I dont understand why curve_fit is returning a negative amplitude (that in terms of physics has not sense). I have tried as well setting boundary conditions as **kwargs* with:

bounds=([0.0, -np.inf,-np.pi, 0.0],[+np.inf, +np.inf,-np.pi, +np.inf])

but it yields a more weird result.

I added an image showing this difference:

Does anyone how to overcome this issue with phases and amplitudes?

Thanks in advance

Answer 1

There are a few issues here that I do not understand:

1. There is no need to define the fit function inside the "fit function"
2. There is no need to define it twice if the only difference is the naming of the dictionary. (While I do not understand why this has to be named differently in the first place)
3. One could directly fit the frequency instead of omega
4. When pre-calculating the fitted values, directly use the given fitfunction

Overall I don't see why the second fit should fail and using some generic data here, it doesn't. Considering the fact that in physics an amplitude can be complex I don't have a problem with a negative results. Nevertheless, I understand the point in the OP. Surely, a fit algorithm does not know about physics and, mathematically, there is no problem with the amplitude being negative. This just gives an additional phase shift of pi. Hence, one can easily force positive amplitudes when taking care of the required phase shift. I introduced this here as possible keyword argument. Moreover I reduced this to one fit function with possible "renaming" of the output dictionary keys as keyword argument.

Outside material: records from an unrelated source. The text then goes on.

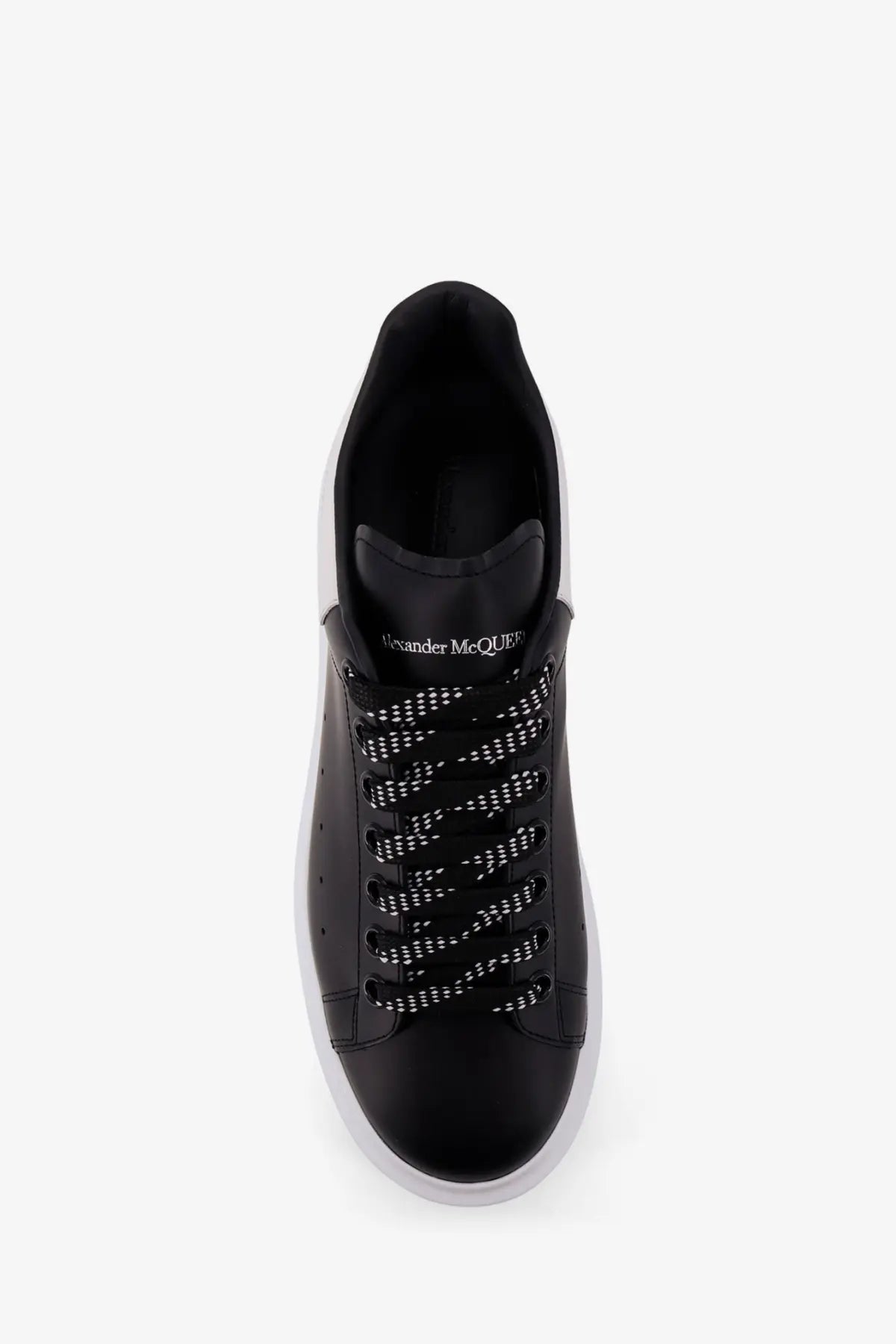 Alexander McQueen men’s low top black leather sneakers with white laces and contrasting white sole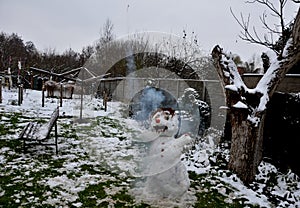 snowman with the grimace of a crazy brawler fan. lighted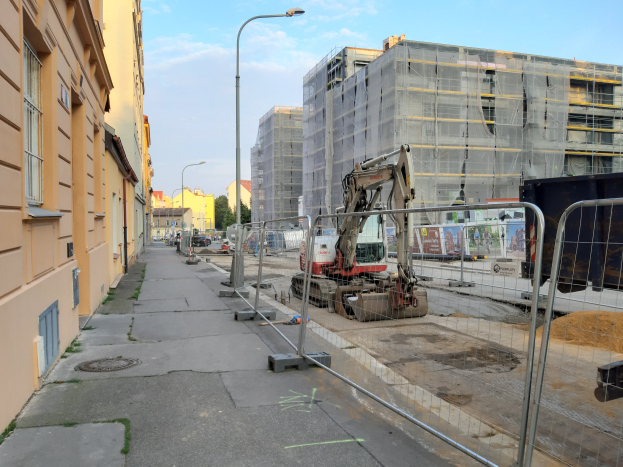 Eine Baustelle mit einem große Bau im Hintergrund, umgeben von Fahrzeugen, Masten, Lichtern, Baümern und einem Zaun.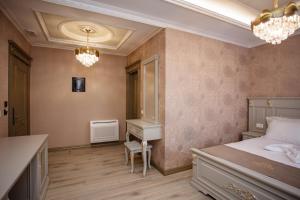 Postel nebo postele na pokoji v ubytování Ervini Boutique Hotel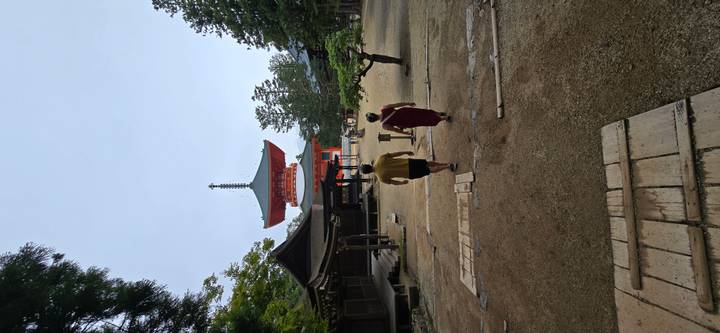 Two travelers walking toward a towering orange pagoda within a temple complex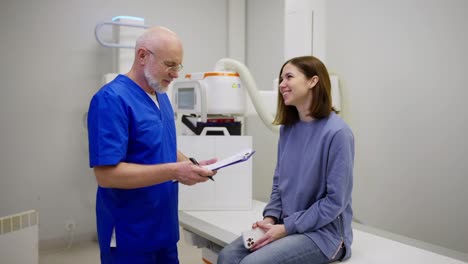 Confident-male-doctor-with-a-gray-beard-in-glasses-and-in-a-blue-uniform-interviews-and-listens-to-the-complaints-of-a-brunette-girl-during-an-appointment-with-a-doctor-in-a-modern-clinic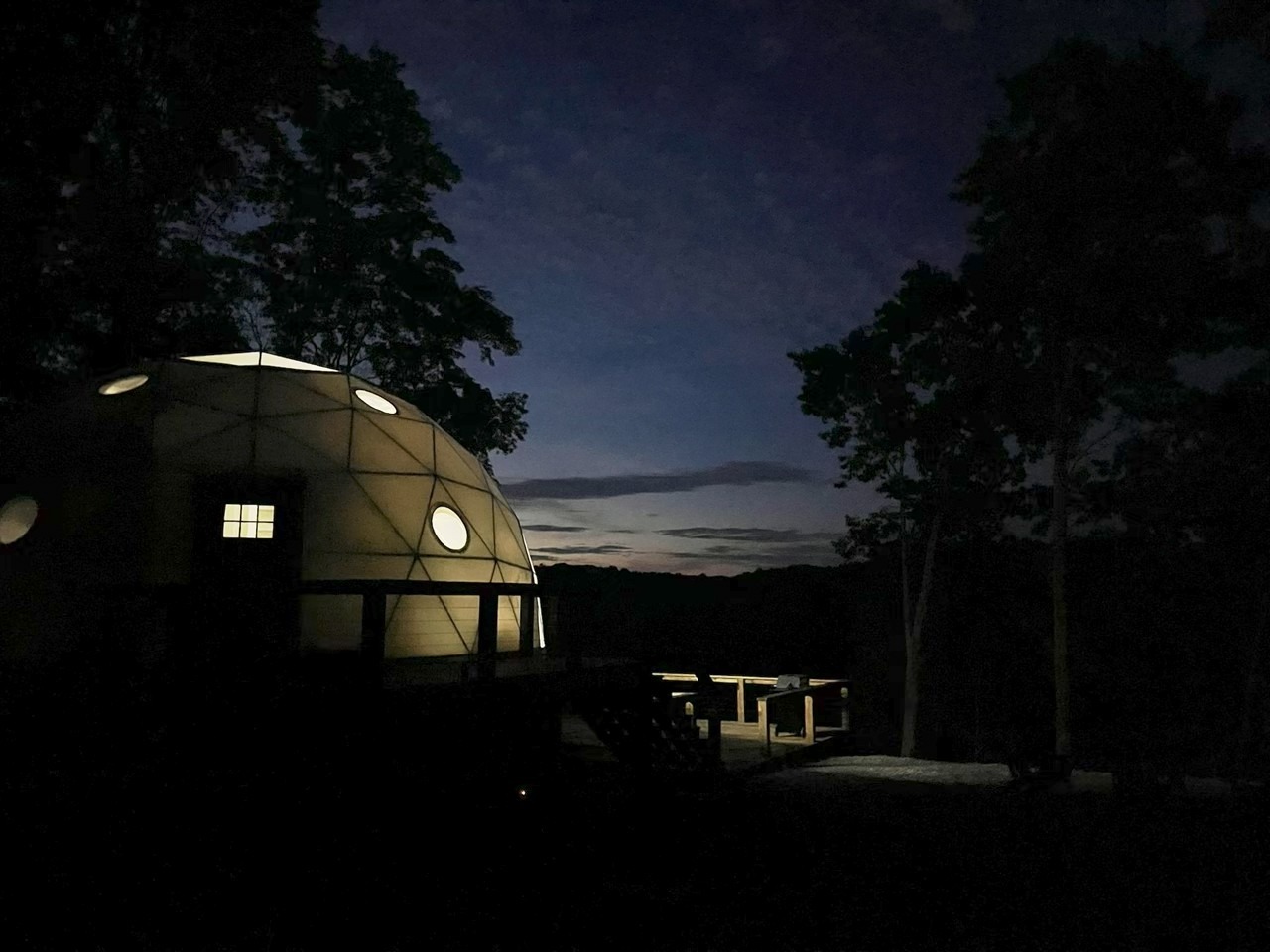 Nestled Inn dome exterior at night
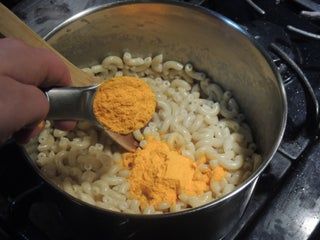 a person stirring macaroni and cheese in a pot on the stove with a wooden spoon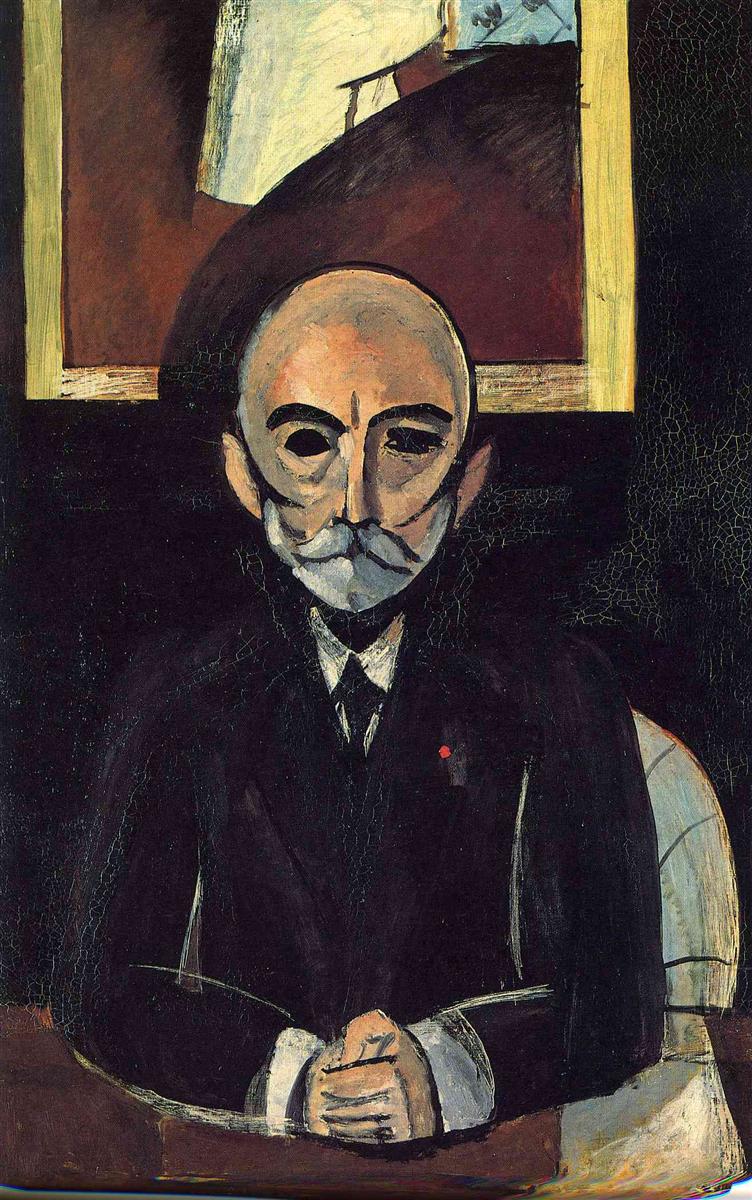 A stark frontal portrait by Henri Matisse of a bald, mustached man in a black suit seated at a desk, hands clasped, a tiny red badge on his lapel; behind him a dark wall and a framed picture with rusty red and pale blue areas; strong black contours, simplified facial planes, and minimal color create a severe, modern image.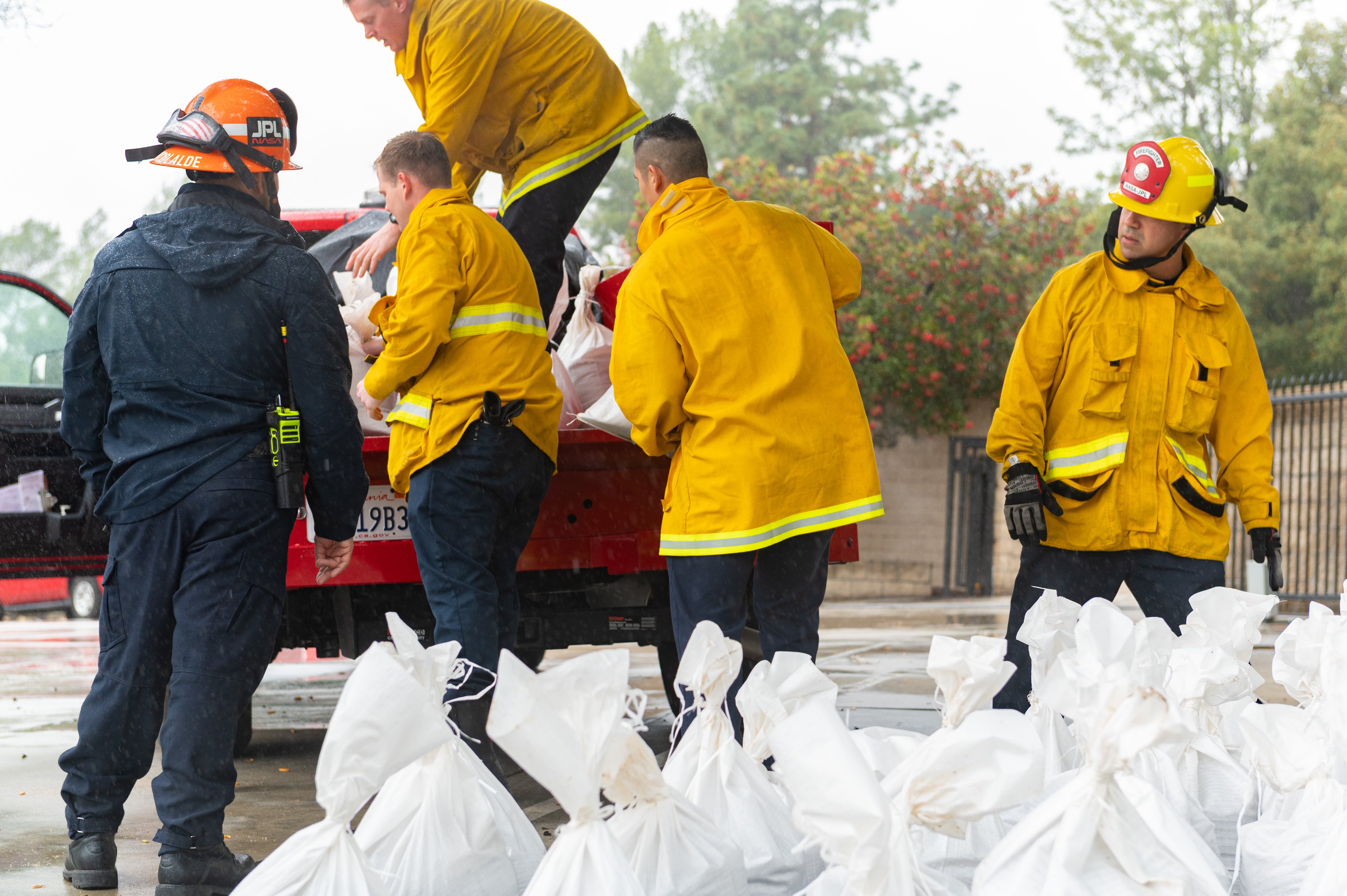 Firefighters load a truck with sandbags.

import matplotlib.pyplot as plt
import numpy as np
from scipy.optimize import curve_fit


def sinfunc( t, A, f, p, c ):
    return A * np.sin( 2.0 * np.pi * f * t + p) + c

def fit_sin(t_APD, y_APD, addName="", posamp=False):

    ''' Fit sin to the input time sequence, and return fitting parameters "amp", "omega", "phase", "offset", "freq", "period" and "fitfunc" '''

    ff = np.fft.fftfreq( len( t_APD ), t_APD[1] - t_APD[0] ) # assume uniform spacing
    Fyy = abs( np.fft.fft( y_APD ) )
    guess_freq = abs( ff[np.argmax( Fyy[1:] ) + 1] )   # excluding the zero frequency "peak", which is related to offset
    guess_amp = np.std( y_APD ) * 2.**0.5
    guess_offset = np.mean( y_APD )
    guess = np.array( [ guess_amp, guess_freq, 0., guess_offset ] )

    popt, pcov  = curve_fit(sinfunc, t_APD, y_APD, p0=guess, maxfev=500) # with maxfev= number I can increase the number of iterations
    if popt[0] < 0 and posamp:
        popt[0] = -popt[0]
        popt[2] += np.pi 
        popt[2] = popt[2] % ( 2 * np.pi )
    A, f, p, c  = popt 
    fitted_APD  = sinfunc( t_APD, *popt )
    dic_APD     = {
            "amp{}".format(addName): A, 
            "omega{}".format(addName): 2.0 * np.pi * f, 
            "phase{}".format(addName): p, 
            "offset{}".format(addName): c, 
            "freq{}".format(addName): f, 
            "period{}".format(addName): 1.0 / f, 
            "fitfunc{}".format(addName): fitted_APD, 
            "maxcov{}".format(addName): np.max( pcov ), 
            "rawres{}".format(addName): ( guess, popt, pcov ) }
    return dic_APD

tl = np.linspace(0,1e-6, 150 )
sl1 = np.fromiter( (sinfunc(t, .18, 4998735, 3.6, 2.0 ) + .01 *( 1 - 2 * np.random.random() ) for t in tl ), np.float )
sl2 = np.fromiter( (sinfunc(t, .06, 4998735, 2.1, 0.4 ) + .01 *( 1 - 2 * np.random.random() ) for t in tl ), np.float )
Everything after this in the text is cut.